> _Action item_: Output the complete listing exactly, please, and keep the pictures out of it.

> _Data provided_:

++++++++++++++++++++

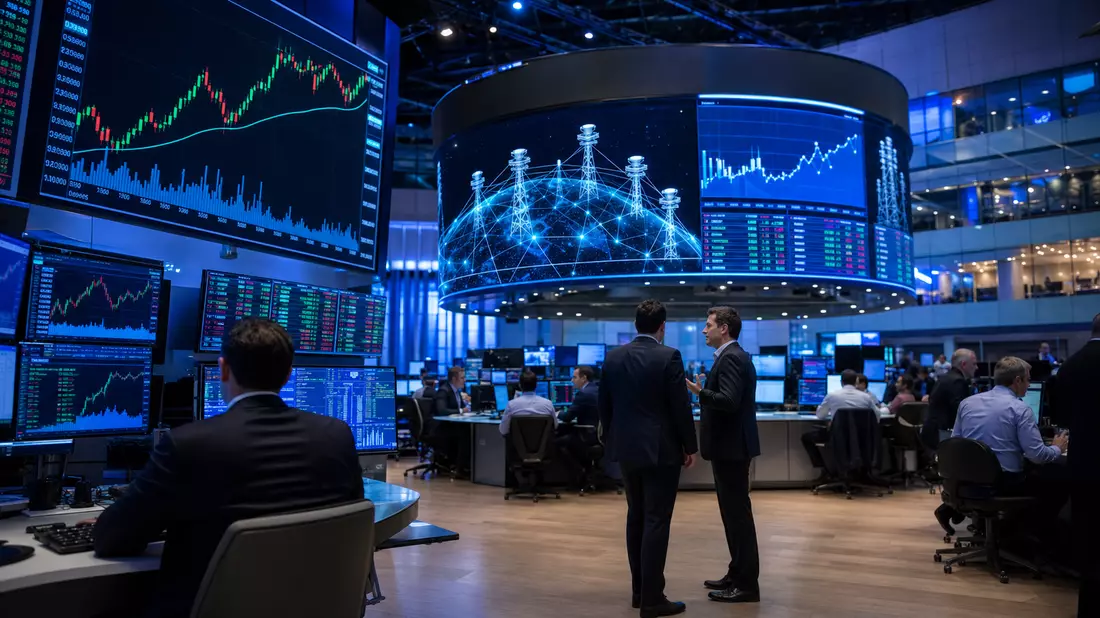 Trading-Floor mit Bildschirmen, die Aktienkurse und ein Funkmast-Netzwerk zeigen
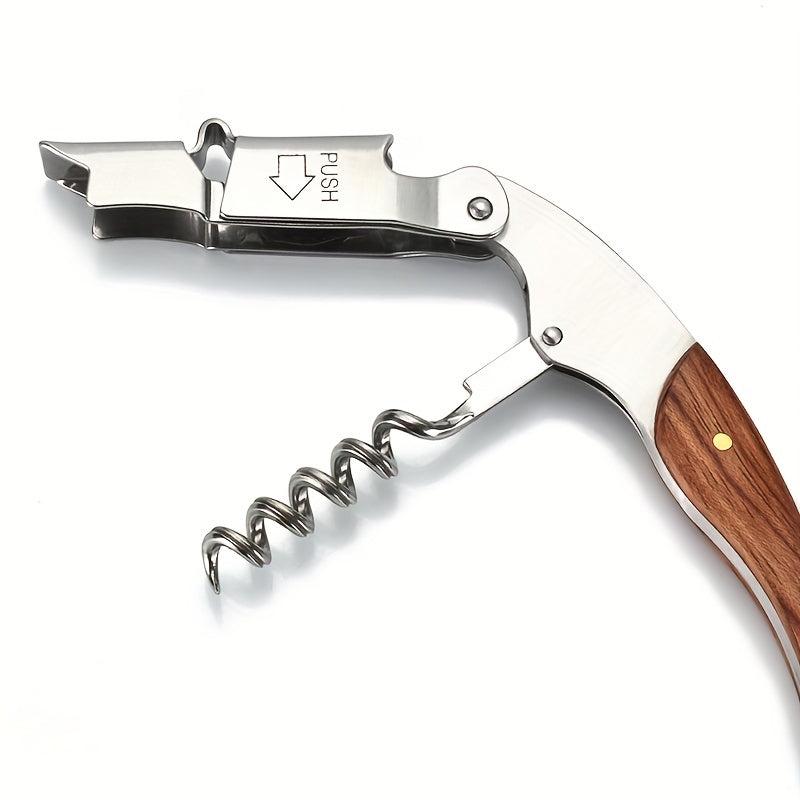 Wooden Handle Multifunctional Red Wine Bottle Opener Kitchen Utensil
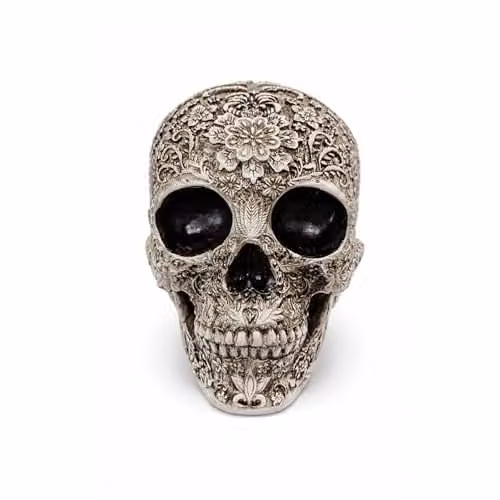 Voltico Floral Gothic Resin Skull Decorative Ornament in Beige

++++++++++++++++++++

> _Answer box_:
 Trading-Floor mit Bildschirmen, die Aktienkurse und ein Funkmast-Netzwerk zeigen
 Wooden Handle Multifunctional Red Wine Bottle Opener Kitchen Utensil
 Voltico Floral Gothic Resin Skull Decorative Ornament in Beige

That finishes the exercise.